Немецкие добродетели
Первый послевоенный семестр в Берлинском университете Фридриха-Вильгельма (ныне Университет Гумбольдта) ставит Эрнста Кассирера – на тринадцатом году его службы в качестве приват-доцента – перед весьма специфическими проблемами. Ведь в первые недели января 1919 года, как вспоминает его жена,
‹…› на улицах Берлина много стреляли, и Эрнст часто ездил на лекции в университет посреди пулеметной пальбы [восстания «Союза Спартака». – В. А.]. Однажды во время такого уличного боя повредили электропроводку в здании университета, как раз когда Эрнст читал лекцию. Впоследствии он любил рассказывать, как спросил у своих студентов, закончить ли ему лекцию или продолжать, и они единогласно проголосовали за «продолжение» ‹…› Так что Эрнст тогда закончил лекцию в кромешной тьме, меж тем как на улице не прекращалась пулеметная стрельба
[49].
Не воплощает ли человек в напряженнейшей ситуации именно то, что Хайдеггер и Витгенштейн прославляют как идеальный желанный результат своего мышления: глубоко прочувствованную веру в ценность собственных действий, непоколебимую позицию и решительность, то есть истинный, подлинный, ответственный за свою судьбу характер?
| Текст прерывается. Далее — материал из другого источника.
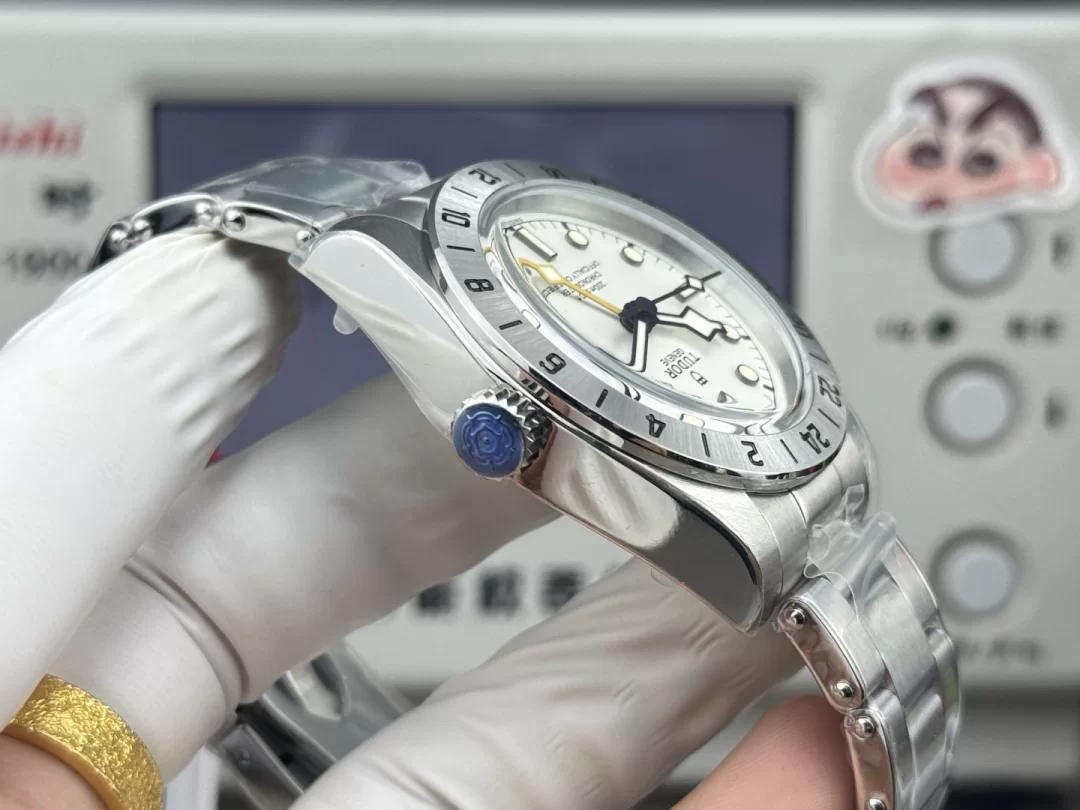チュードル ブラックベイプロ イエロー GMT 針 M79470-0004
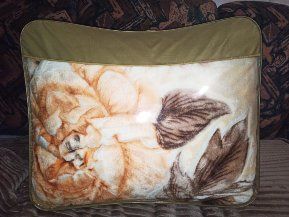 Продам теплий плед-ковдру.
Розмір: 200×240 см
Матеріал: 100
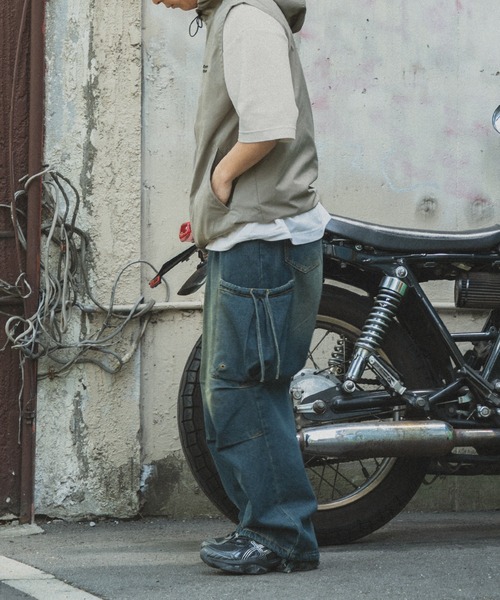 kutir(クティール)の「【低身長だからカッコよく着こなせるアイテム】ヴィンテージライクポケットカーゴデニム(デニムパンツ・メンズ・ブラック/インディゴブルー・SMALL/MEDIUM)」の8枚目の写真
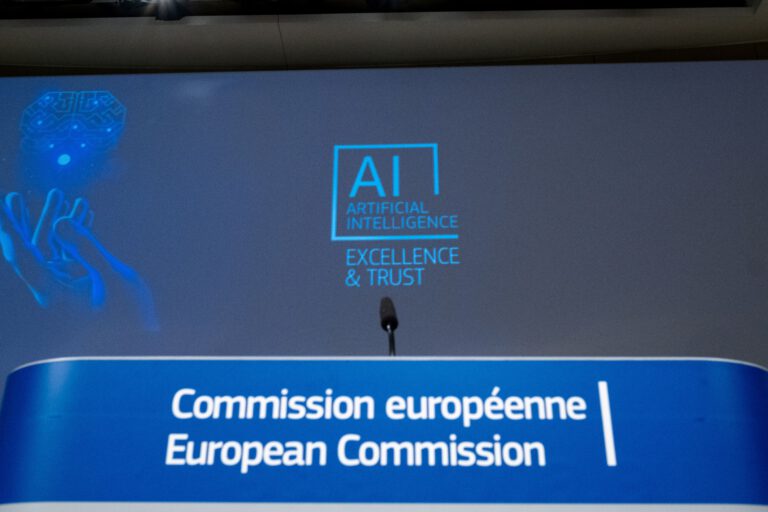 EU erzielt Einigung über Gesetzgebung zu künstlicher Intelligenz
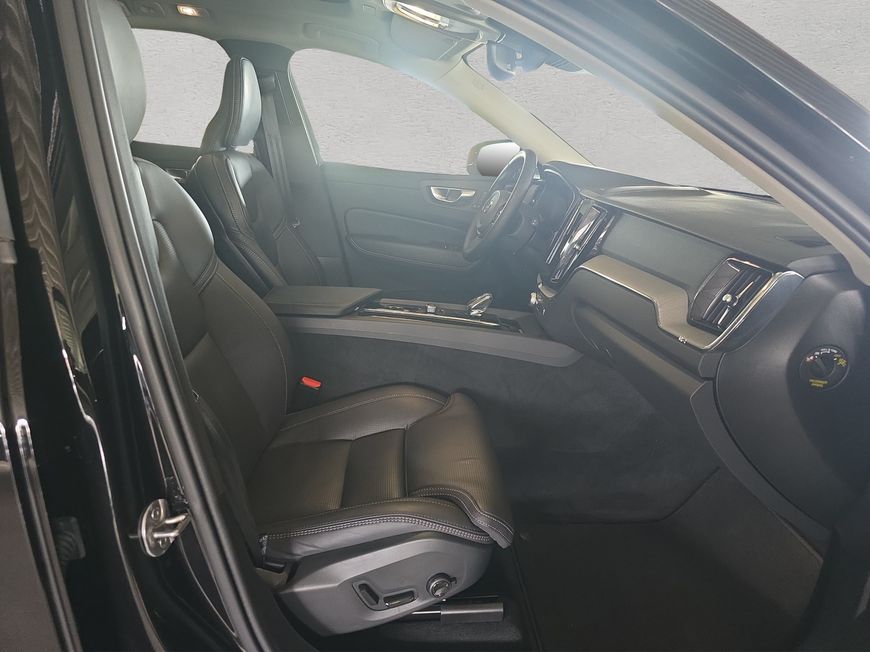 Volvo XC60 B5 B AWD Plus Dark 184 kW, 5-türig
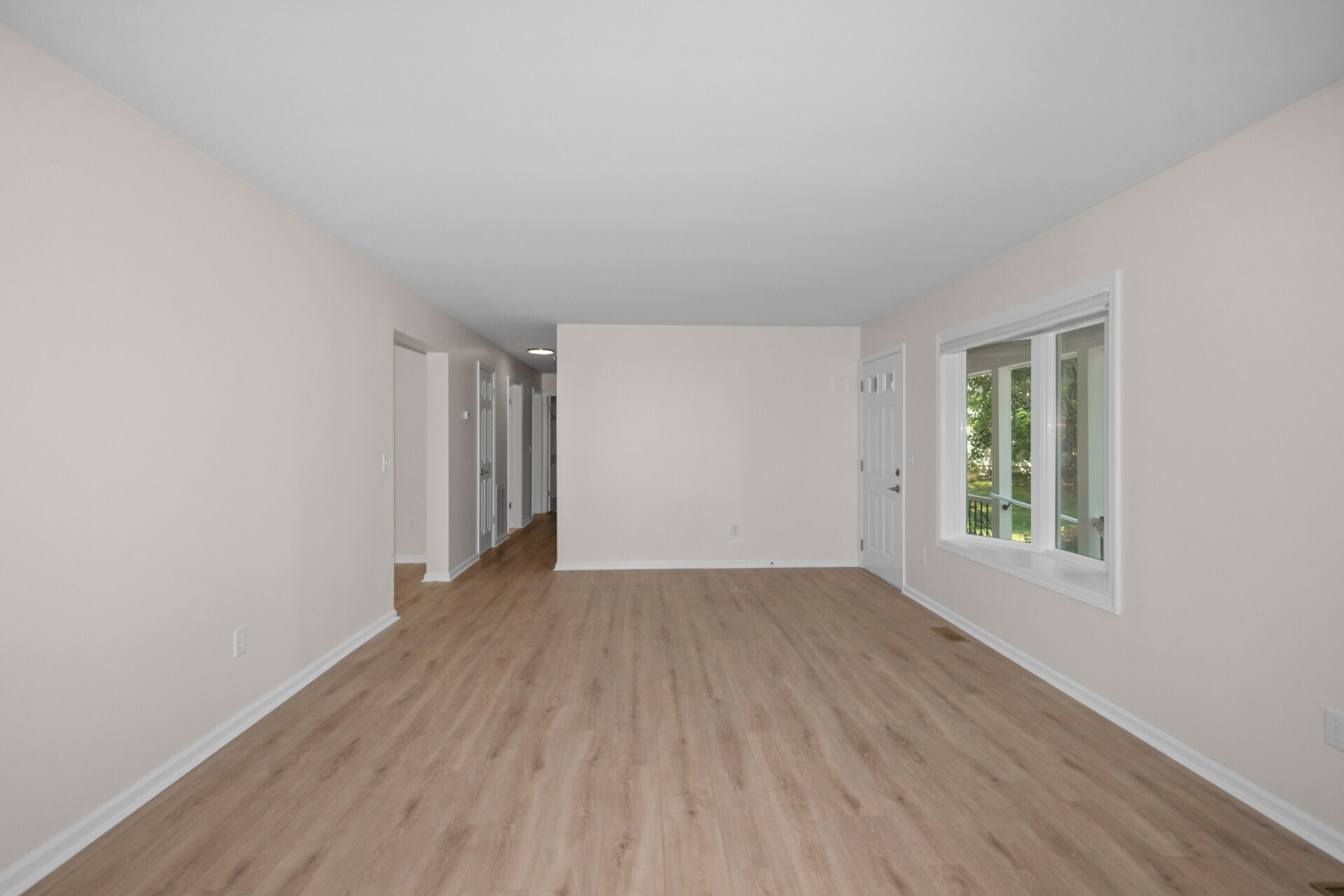 Building Photo - 1511 Fall Creek Ln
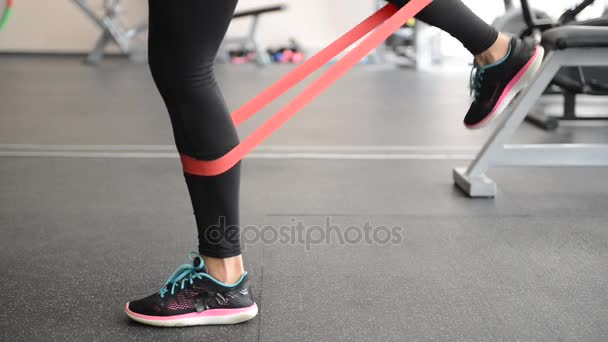 Schattig fit meisje uitvoeren van been oefeningen — Stockvideo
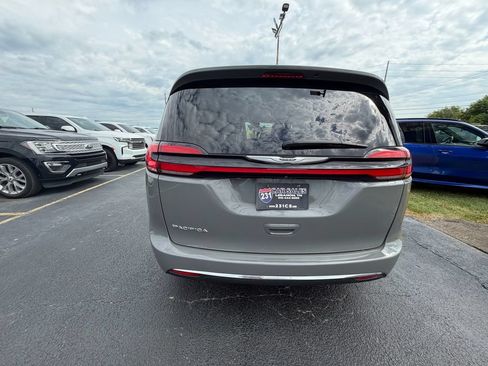 Used 2022 Chrysler Pacifica Touring-L FWD image 4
Без сомнения, да. Правда, Кассирер в последнюю очередь описал бы свое поведение таким образом. Ведь к понятию «характер», в ту пору центральному как раз в мировоззренчески консервативных кружках, сложившихся вокруг таких популярных философов, как Освальд Шпенглер, Отто Вейнингер или Людвиг Клагес, он уже по чисто политическим причинам старался обращаться как можно меньше. По убеждению Кассирера, философский заряд понятия «характер» – особенно в форме национального характера – играл на руку риторике национального шовинизма, а также культу «подлинности» и «исконного ядра», по сути своей свободе чуждому. Тем самым он поощрял именно те духовно-политические силы в Европе, которые авансом выставляли мировую войну как неизбежную, смертоносную борьбу за выживание между различными европейскими культурами. Для Кассирера люди, рассуждавшие об истинном «характере человека» или о «сущностном ядре народа» как о чем-то таком, что из глубинного нутра определяет их совокупные действия – или даже проявляется в пограничных ситуациях как обязательная спасительная сила, – были, прежде всего, непросвещенными. А в глазах Кассирера это не в последнюю очередь означало: они совершенно не были немцами.